Gateway cities are likely to come under increasing pressure as a result of economic and cultural shifts triggered by the coronavirus crisis, according to Mike Kirby, Green Street Advisors’ co-founder and director of research.
In addition to the work-from-home trend, which has the potential to expand the radius where workers can live, gateway cities are also being squeezed by social unrest and fiscal challenges, Kirby said during a July 15 NYU Schack REIT Leadership Workshop webinar.
Green Street has revised downward its growth estimates for gateway cities and revised upward its estimates for some of the Sunbelt cities, Kirby said.
At the same time, Kirby praised the performance of REIT management teams during the pandemic.
“I’ve been generally favorably impressed by what the management teams have done…they set themselves up for COVID much better than they would have in the past, so kudos to the industry for getting their balance sheets right this time,” he said.
Kirby added that “we’re relearning a lesson as to why you need a good balance sheet even when you have 10 years of prosperity like we just had.” Compared to what happened to the industry during the financial crisis, “the amount of distress in the REIT space is nil right now...the industry definitely learned a lesson.”

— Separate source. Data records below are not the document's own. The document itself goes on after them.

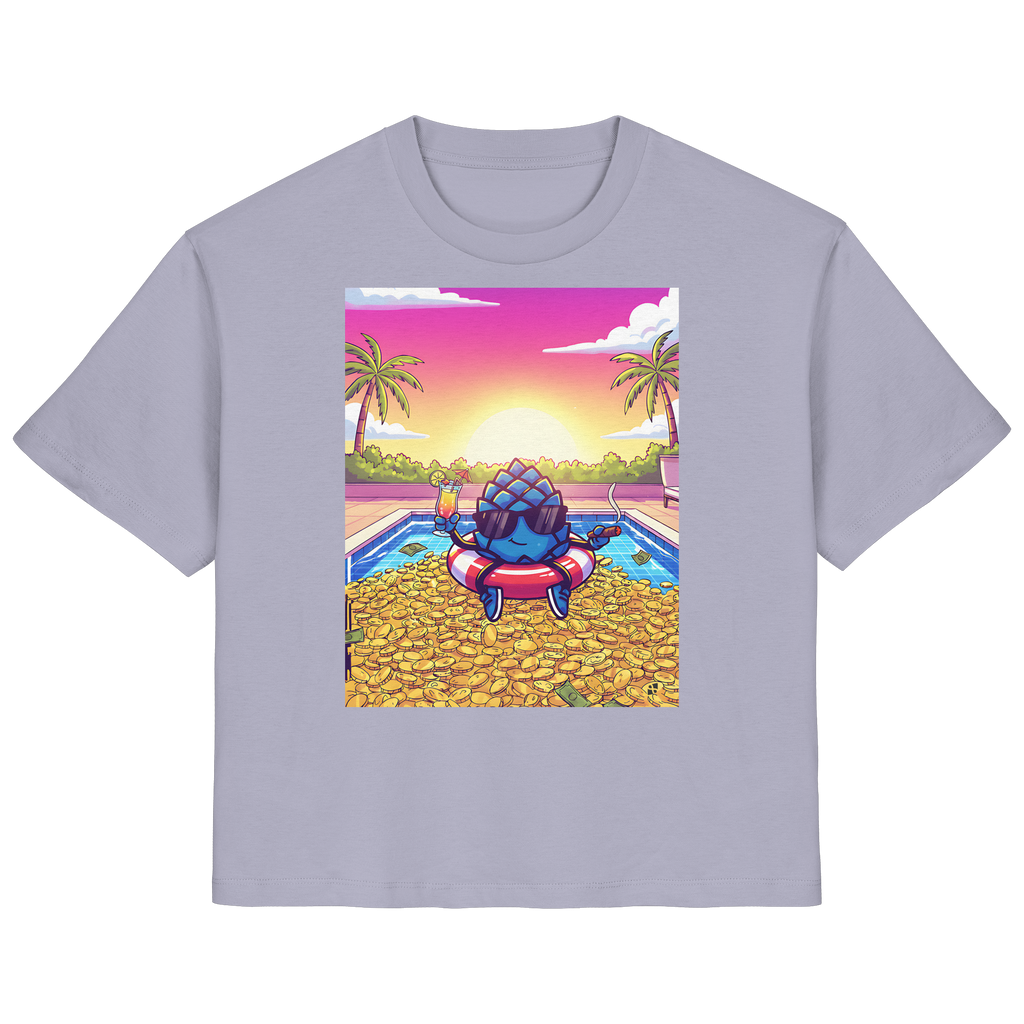 Zirbinator Money & Gold - Ladies Organic Shirt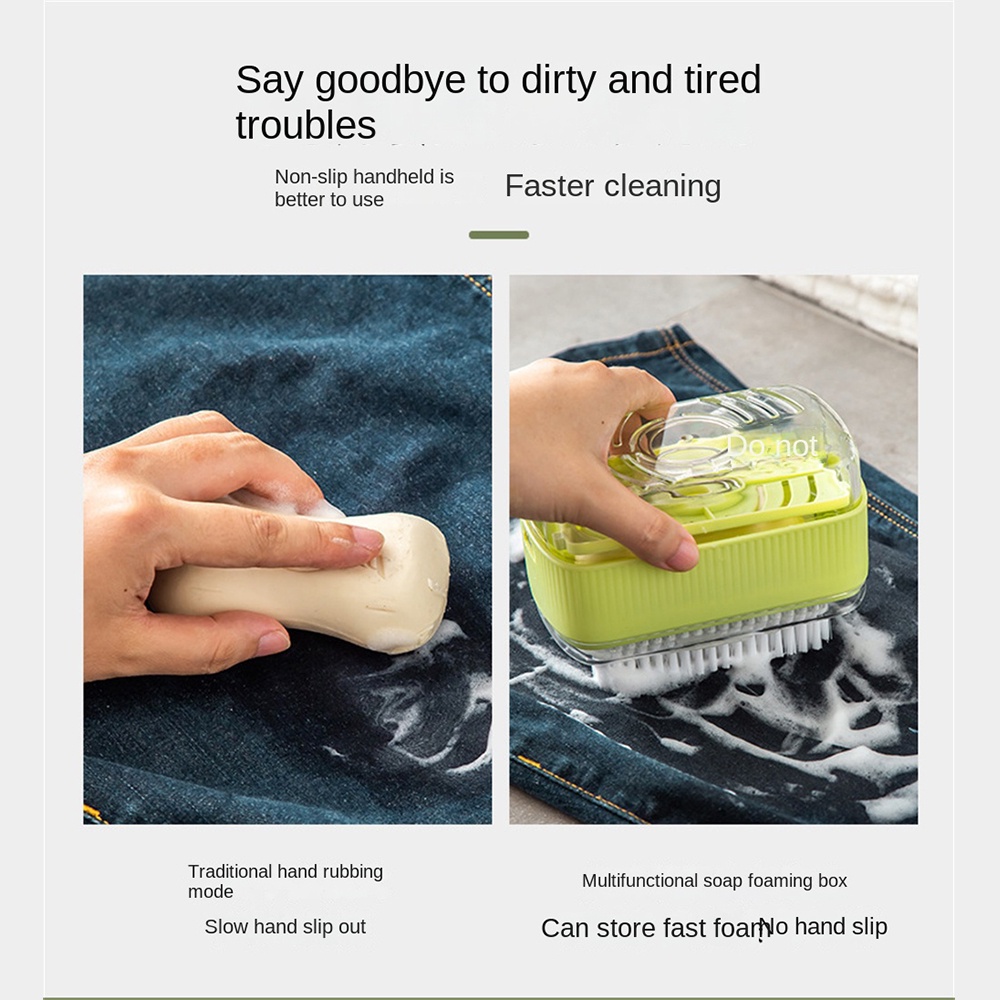 ღ Portable Sabun Kotak Sabun Berkilau Kotak Tangan-Gratis Roller Sabun Kotak Laundry Sikat Drain Sabun Tempat Multifungsi kamar Mandi Penyimpanan Drain Kotak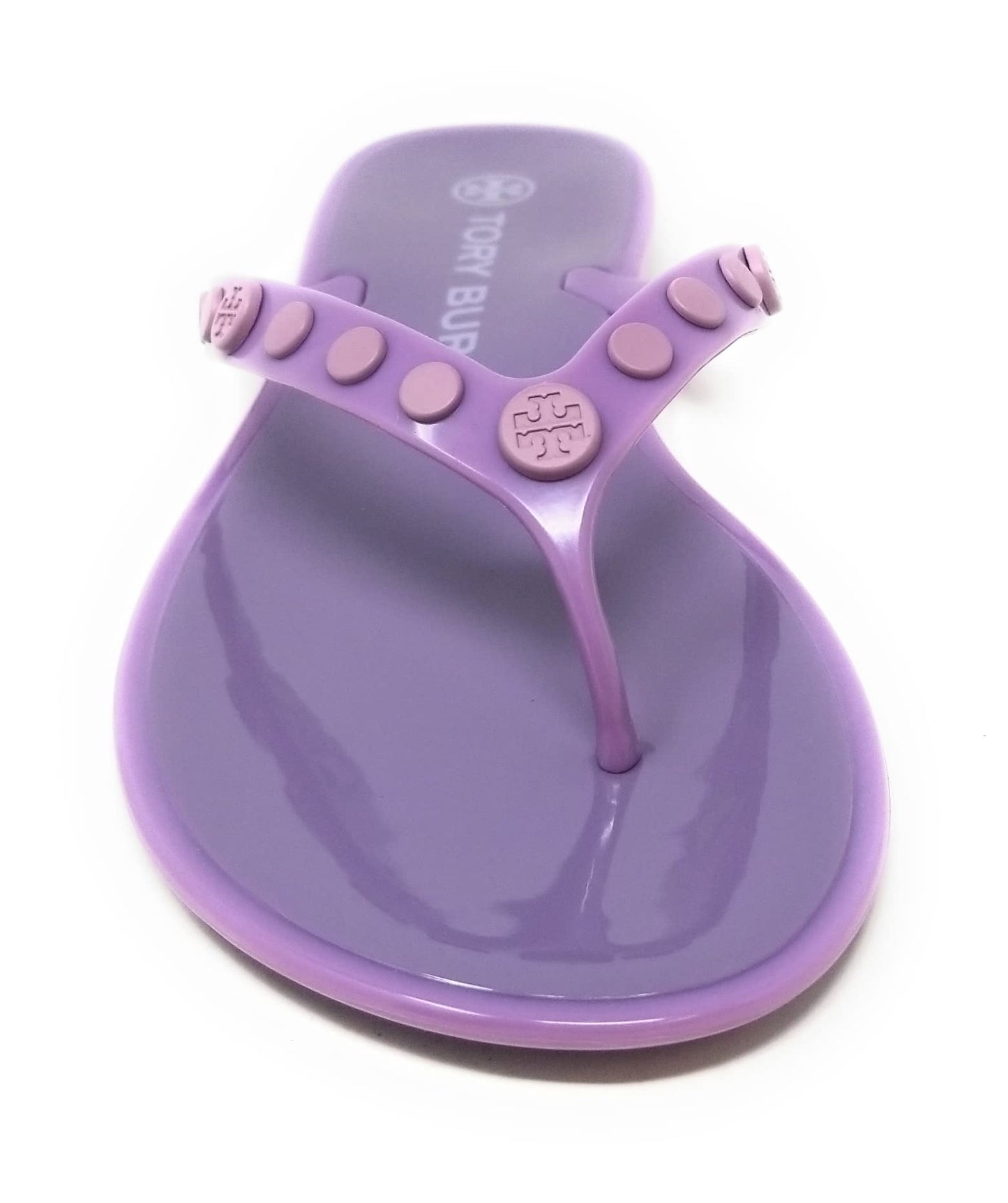 Tory Burch Women's Studded Jelly Thongs Sandals Flats (Lilac, us_footwear_size_system, adult, women, numeric, medium, numeric_7)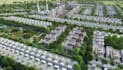 render 3d site plan,housing development, urban masterplan, real estate apartment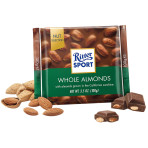 Sôcôla sữa hạnh nhân Ritter Sport Whole Almonds 100g F122473 Sôcôla sữa hạnh nhân Ritter Sport Whole Almonds 100g F122473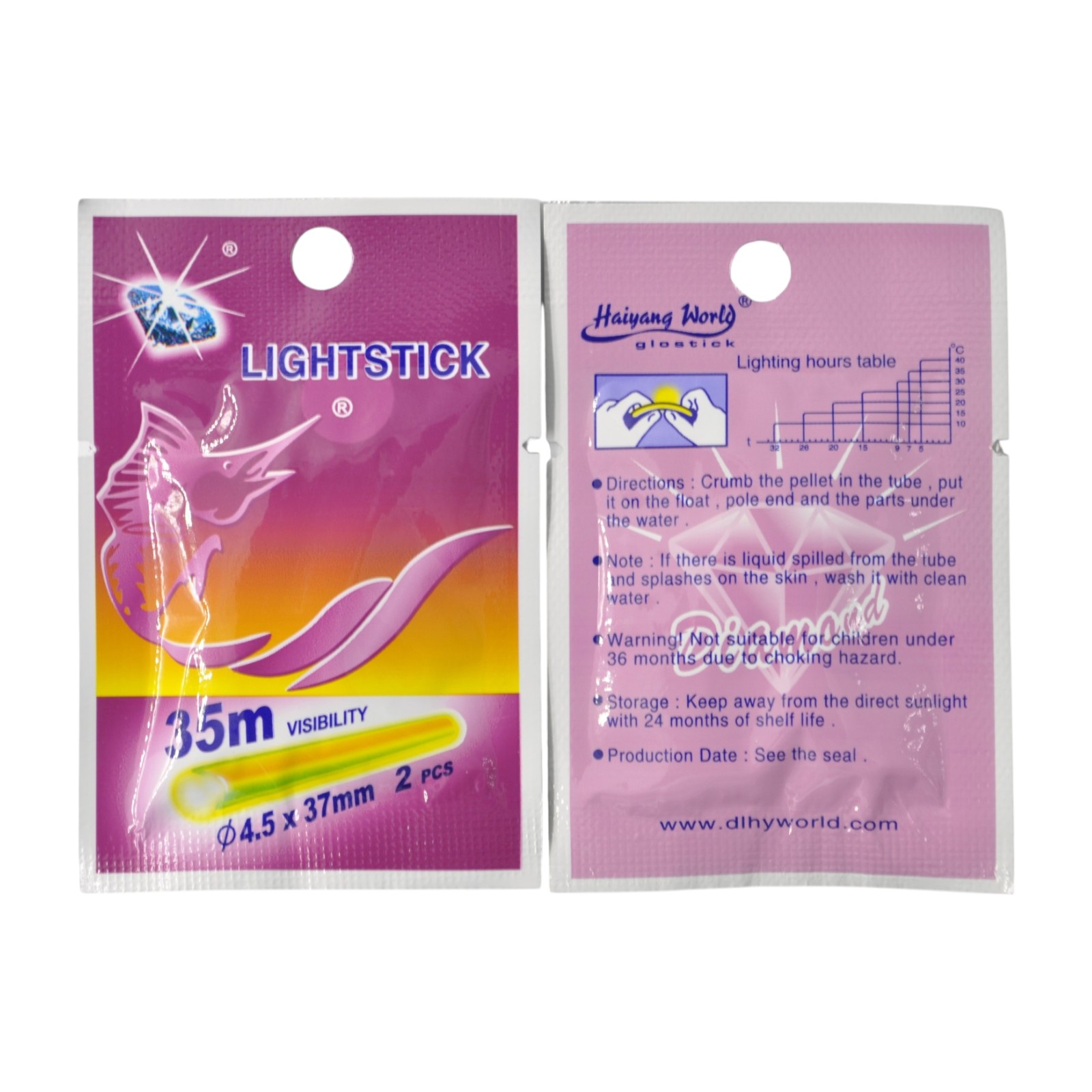 Accesorii - Baghete luminoase #4.5mm (2buc/plic-50 plicuri/cutie)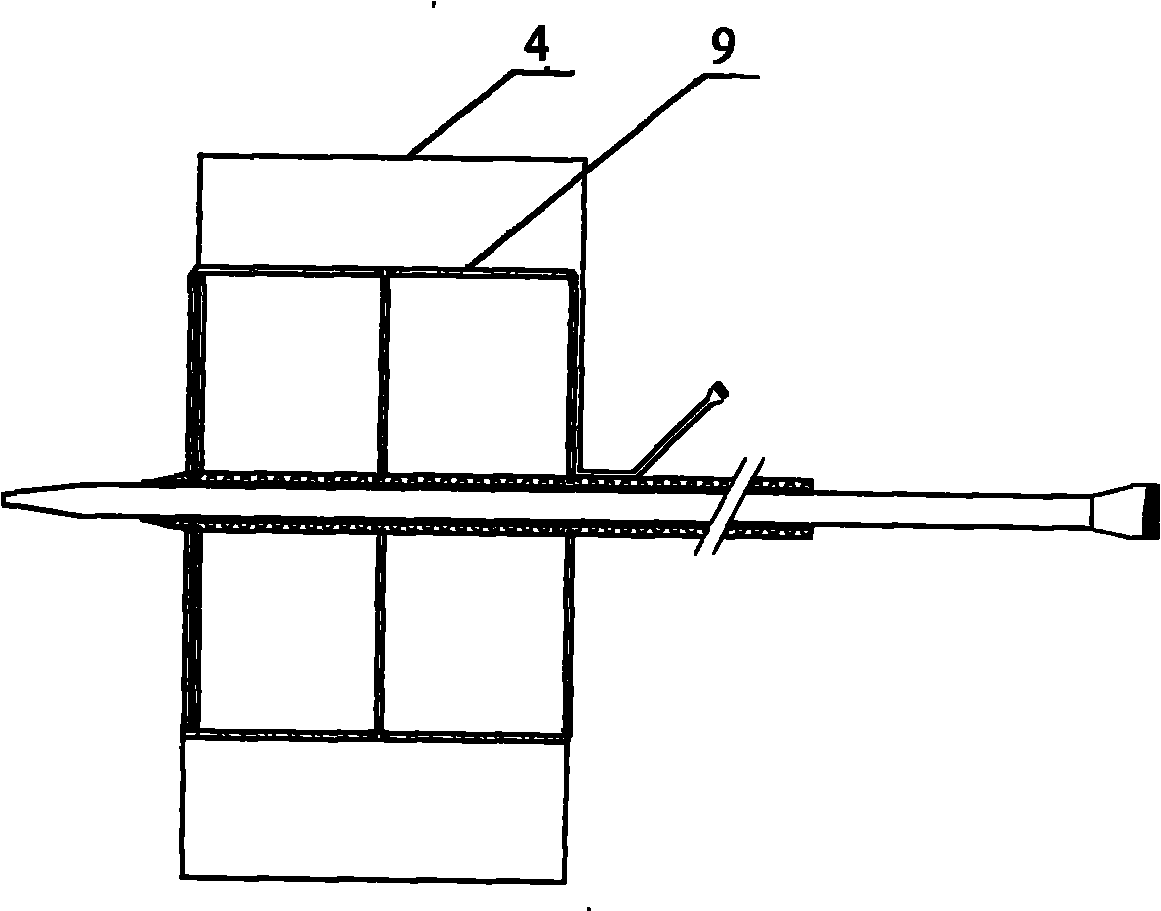 Medical inner support hollow tubular sac catheter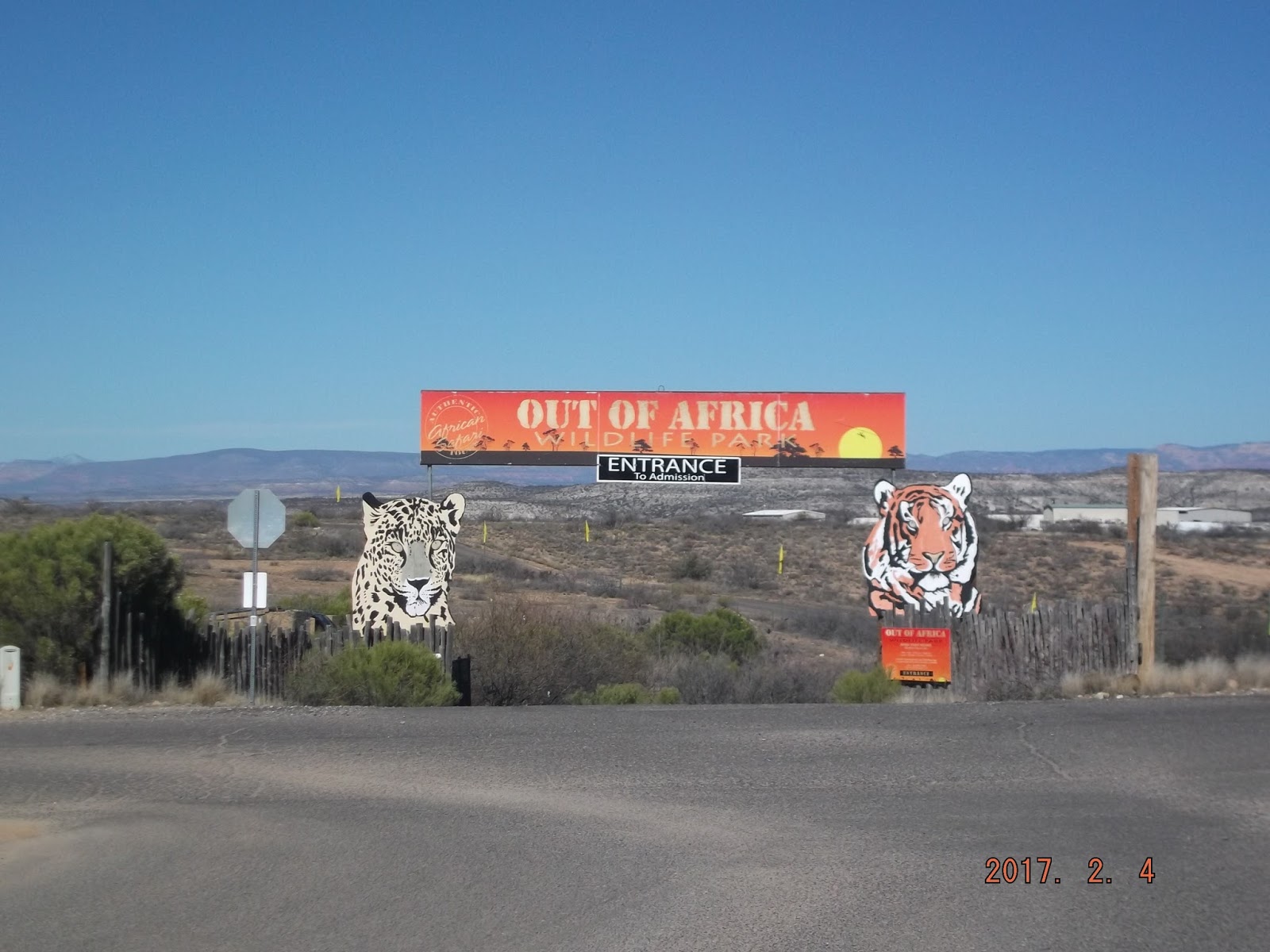 The One Dollar Out of Africa Wildlife Park Camp Verde, Arizona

Meanwhile, REITs are also starting to take advantage of opportunities in the market, Kirby said, noting that “credit across the real estate space is in pretty good shape, but REITs are uniquely positioned with their access to unsecured debt.”
Kirby also touched on changes in the overall composition of the REIT industry, and the declining share of core sectors that now account for just 35% of the REIT market compared with 50% five years ago. “The real action is away from the core…you really ought to ask yourself, from an evolutionary standpoint, are some of these concepts that have been long prevalent in the REIT space becoming dinosaurs?” he said.